= Work to complete =
Each line of the listing must be transcribed exactly, except for the images, which should be excluded.

= Supplied information =
+++

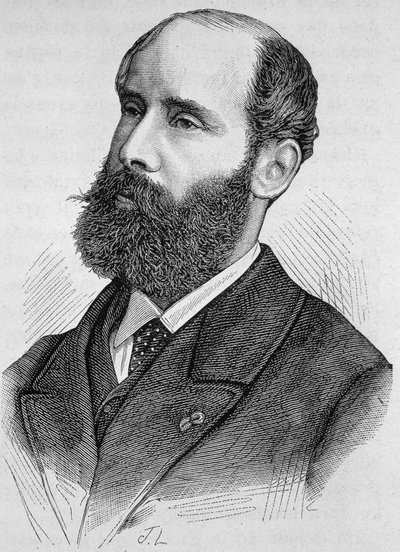 Portret van Emile Keratry (1832-1904). Gravure uit het einde van de 19e eeuw in 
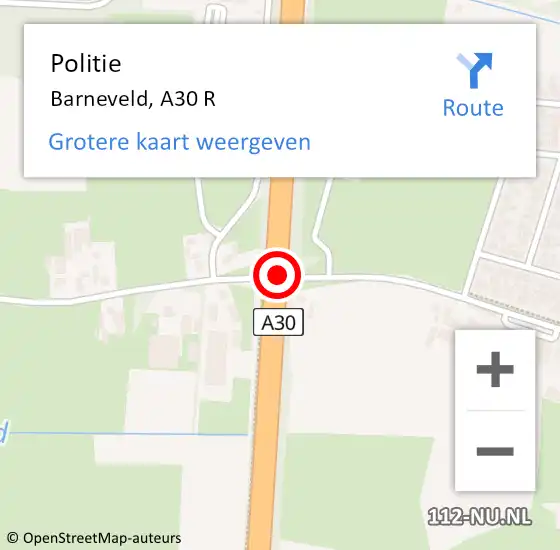 Locatie op kaart van de 112 melding: Politie Barneveld, A30 L hectometerpaal: 24,3 op 17 februari 2021 14:38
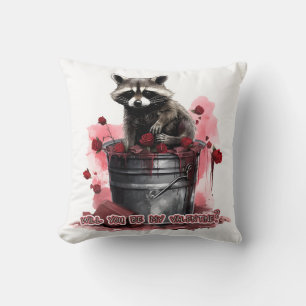 Raccoon Will you be my Valentine? Throw Pillow
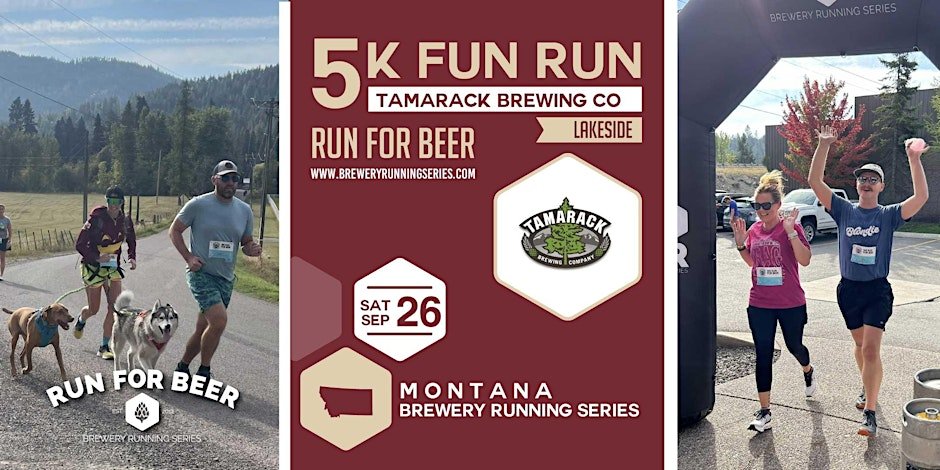 5k Fun Run x Tamarack Brewing | 2026 Montana Brewery Running Series Logo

+++

= Task answer =
 Portret van Emile Keratry (1832-1904). Gravure uit het einde van de 19e eeuw in 
 Locatie op kaart van de 112 melding: Politie Barneveld, A30 L hectometerpaal: 24,3 op 17 februari 2021 14:38
 Raccoon Will you be my Valentine? Throw Pillow
 5k Fun Run x Tamarack Brewing | 2026 Montana Brewery Running Series Logo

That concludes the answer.